Many farmers have a hard time believing they CAN actually make a difference in their milk price by joining DPA. They fear that even if they join, enough of their neighbors will not participate for DPA to achieve effectiveness. The answer to this question is not as many need to join as you might think.
A cheesemaker has shared with us his experience of several years ago when he needed to source additional cheese to cover his sales. He went to the Chicago Mercantile Exchange in search of 3 loads of cheese. Over the course of a week, he raised the price 10 cents while trying to source these loads. He then received a phone call from a major company telling him to just call them if he needs cheese…not to raise the price on the CME.

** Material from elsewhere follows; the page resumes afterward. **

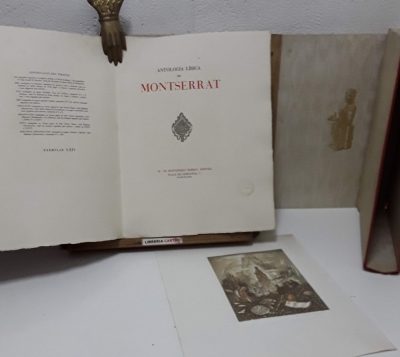 Antologia Lírica de Montserrat (Numerat) - Varios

Because of this, we feel that the removal of just one load per week in a way that impacts the daily cash market would have a significant impact on CME price. As we know, the CME cheddar price strongly correlates to Class 3 milk, and is the starting point of price discovery for our milk checks. Keep in mind the cheese market only has to improve 1 cent to provide a 10 cent increase in milk prices.
So, what would it cost to buy a load of cheese every week?
To support a cheese price of $2 per lb. (significantly above today’s market, a price that equates to $20 milk), it would cost $80,000 per load. $80,000 x 52 weeks in a year = $4,160,000.
With farmers contributing at a 10 cents/cwt DPA membership level, how much of the US milk supply needs to participate to attain this goal?
In 2016, there were 212 billion pounds of milk produced by US farmers. This is 2,120,000,000 hundredweights. 100% of 2,120,000,000 hundredweights each paying 10 cents would result in a pool of $212 million. We only need $4,160,000 to purchase one load per week. 4,160,000 / 212,000,000 = 0.0196. Only 1.96% of the milk supply needs to participate! We can do this!
Let’s get really crazy and think about what buying a load of cheese every day might do to the market. There are only 5 trading days in a week at most, so the amount required would be $20,800,000. Does this seem like too lofty a goal? It would only require 10 cent participation of 9.81% of the US milk supply.